• TASK DIRECTIONS
Starting with the line that holds "2 BHK Apartment" and stopping after the line that holds "Prabowo Siapkan KUR", repeat the lines below word for word, without the pictures.

[Short web captions]

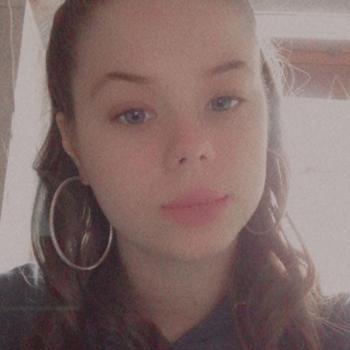 Babysitter in Bergen: Océane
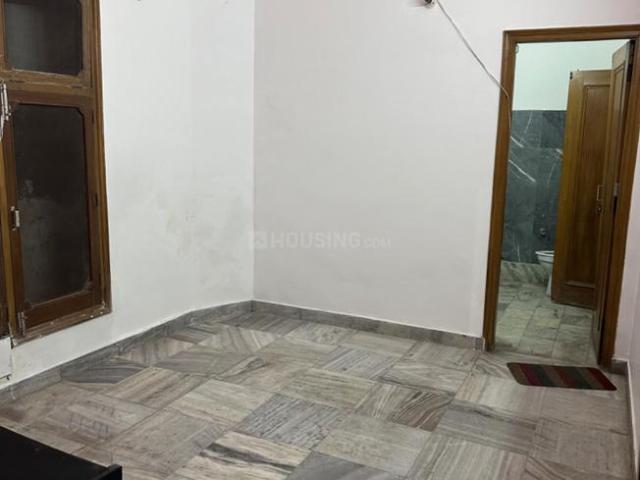 2 BHK Apartment in Ranjit Avenue for rent Amritsar. The reference number is 21008885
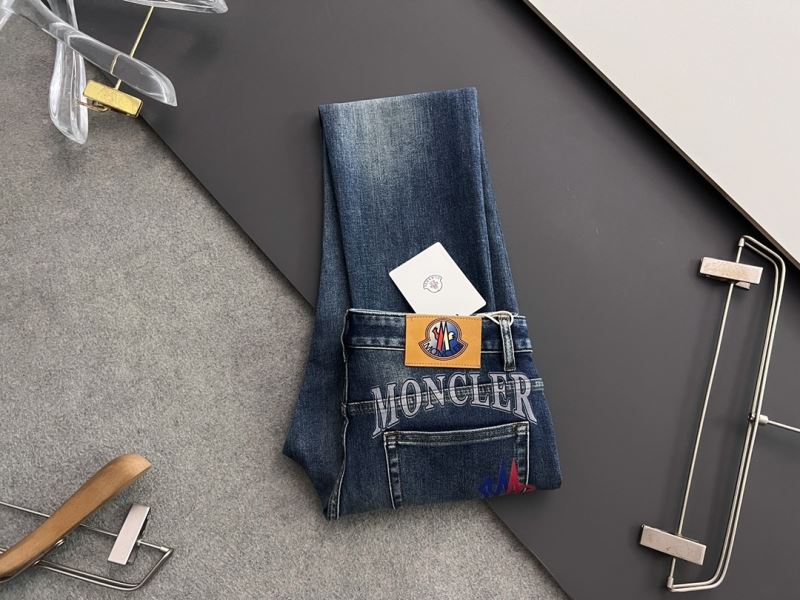 Moncler Jeans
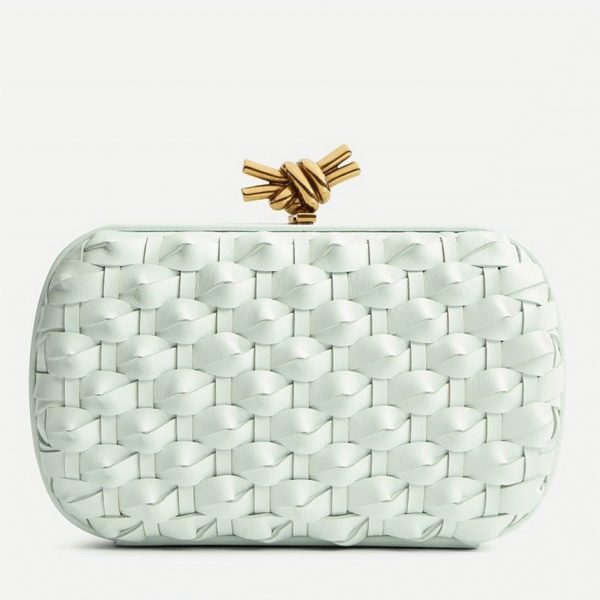 Fausse Bottega Veneta Knot Minaudiere Clutch en Glacier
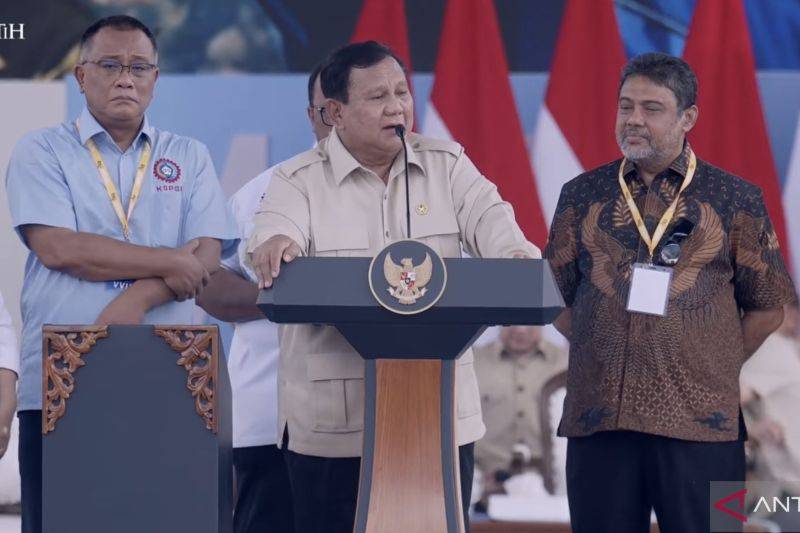 Prabowo Siapkan KUR Bunga 5 Persen untuk Dorong Ekonomi Rakyat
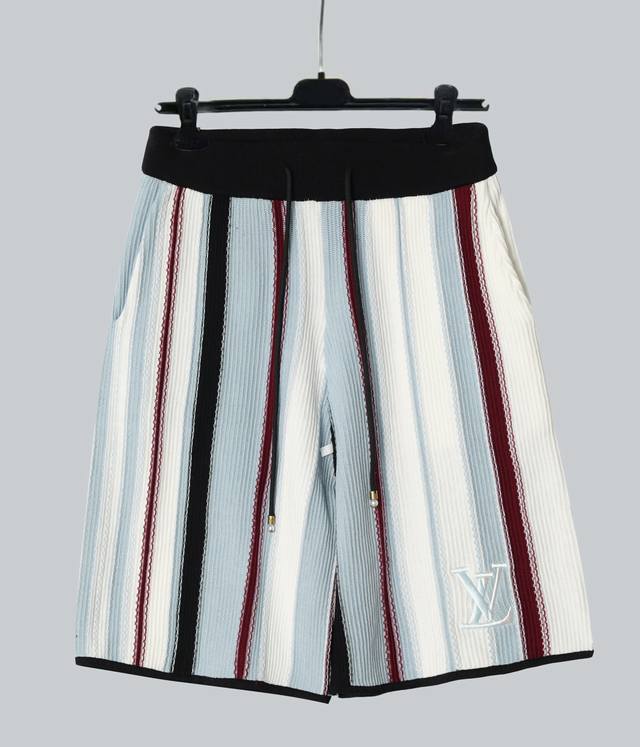 1 set, unopened, standard stock. New arrival! These colorful shorts stand out wi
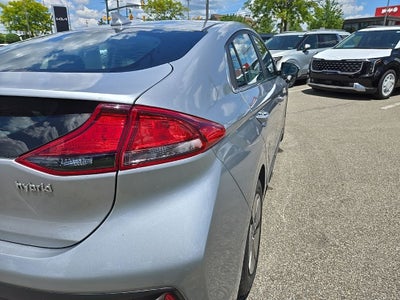 2022 Hyundai Ioniq Hybrid SE
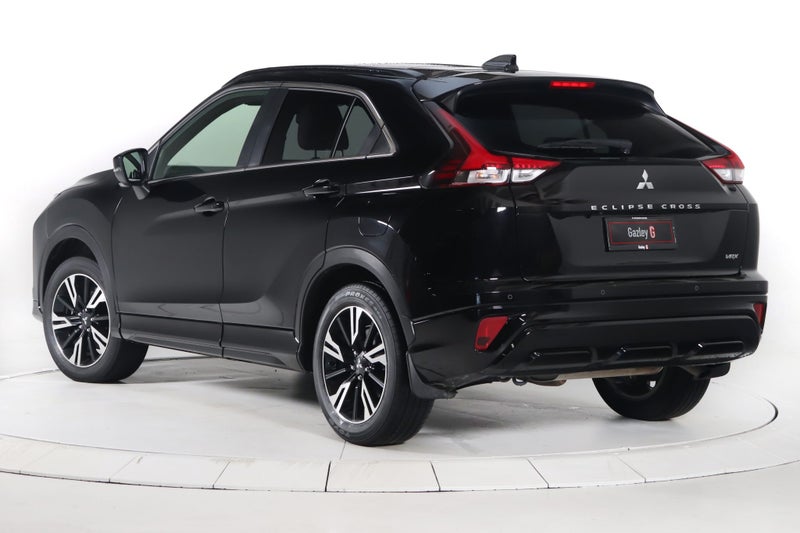 2025 Mitsubishi Eclipse Cross VRX 2WD image 3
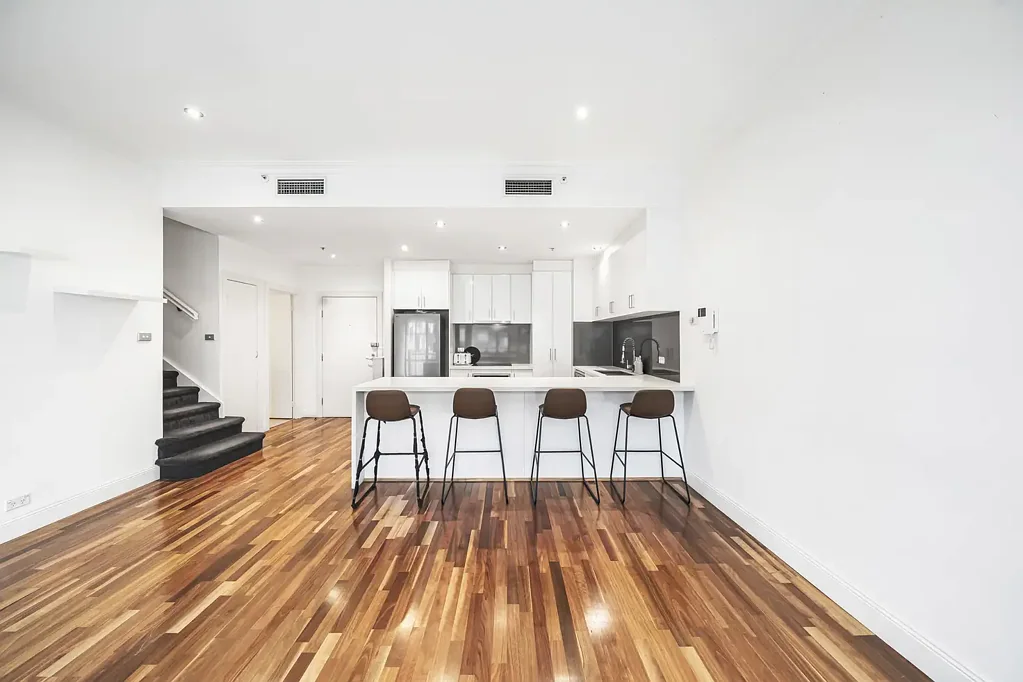 RENOVATED SUB-PENTHOUSE | SOPHISTICATED CITY LIVING AT EMPIRE APARTMENTS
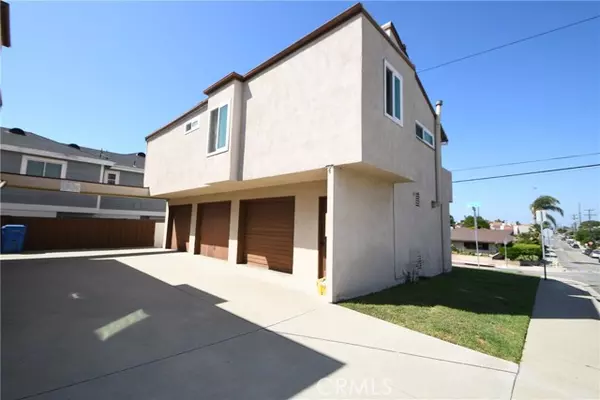 Redondo Beach, CA 90278,2222 Harriman Lane #1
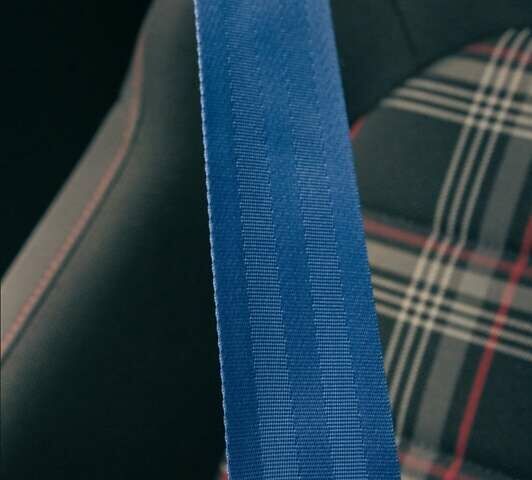 Синий Фольксваген Гольф ГТИ, объемом двигателя 1.98 л и пробегом 112 тыс. км за 15900 $, фото 11 на Automoto.ua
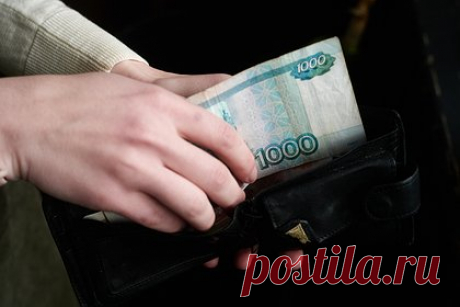 Россиян предупредили о риске остаться должником банка после погашения кредита. В ряде случаев заемщик рискует остаться должником банка даже после погашения кредитных обязательств. Об этом заявил юрист Изабелла Атласкирова, ее слова приводит агентство «Прайм». Эксперт отметила, что банки могут так поступить по трем причинам, включая «сбои в системе», когда клиенту перестают приходить уведомления.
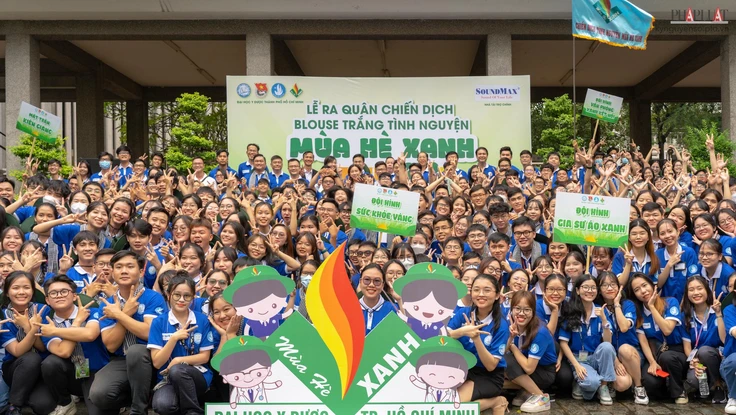 Hàng trăm sinh viên tình nguyện tham gia chiến dịch Mùa hè xanh 2022 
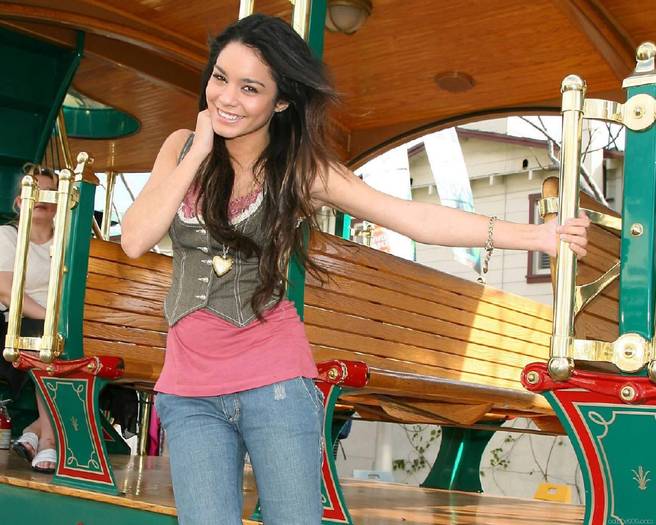 r2nju0 - Vanessa Hudgens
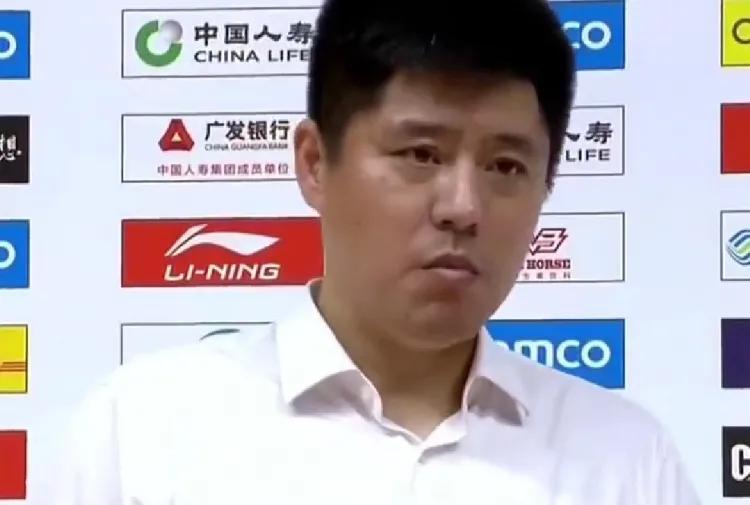 不得不说，CBA本赛季冠军将从以下6支队伍中产生:
1，北京队:35％
陈盈骏+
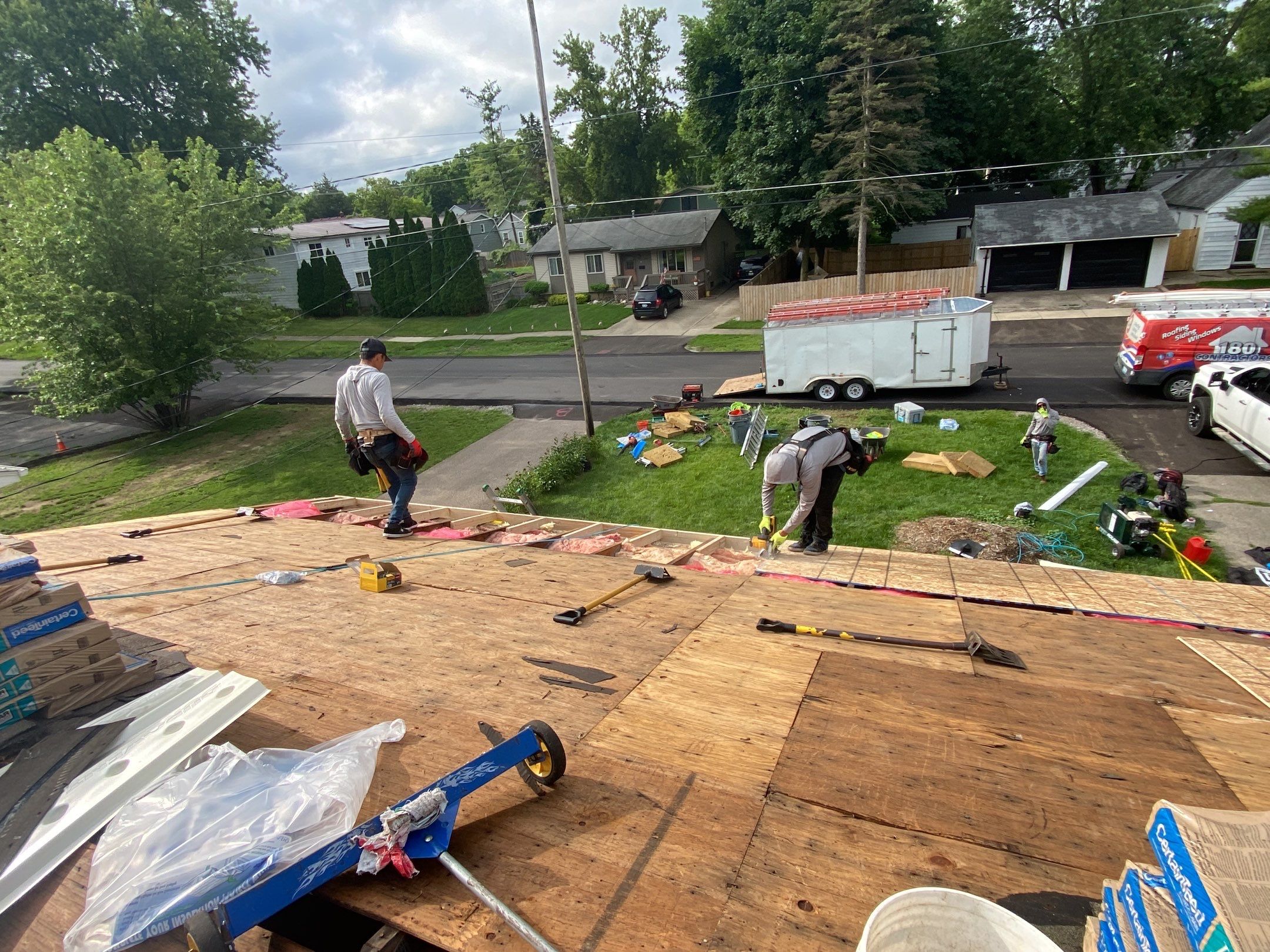 Roof Replacement using CertainTeed Landmark by 180 Contractors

• SOLUTION BELOW
 2 BHK Apartment in Ranjit Avenue for rent Amritsar. The reference number is 21008885
 Moncler Jeans
 Fausse Bottega Veneta Knot Minaudiere Clutch en Glacier
 Prabowo Siapkan KUR Bunga 5 Persen untuk Dorong Ekonomi Rakyat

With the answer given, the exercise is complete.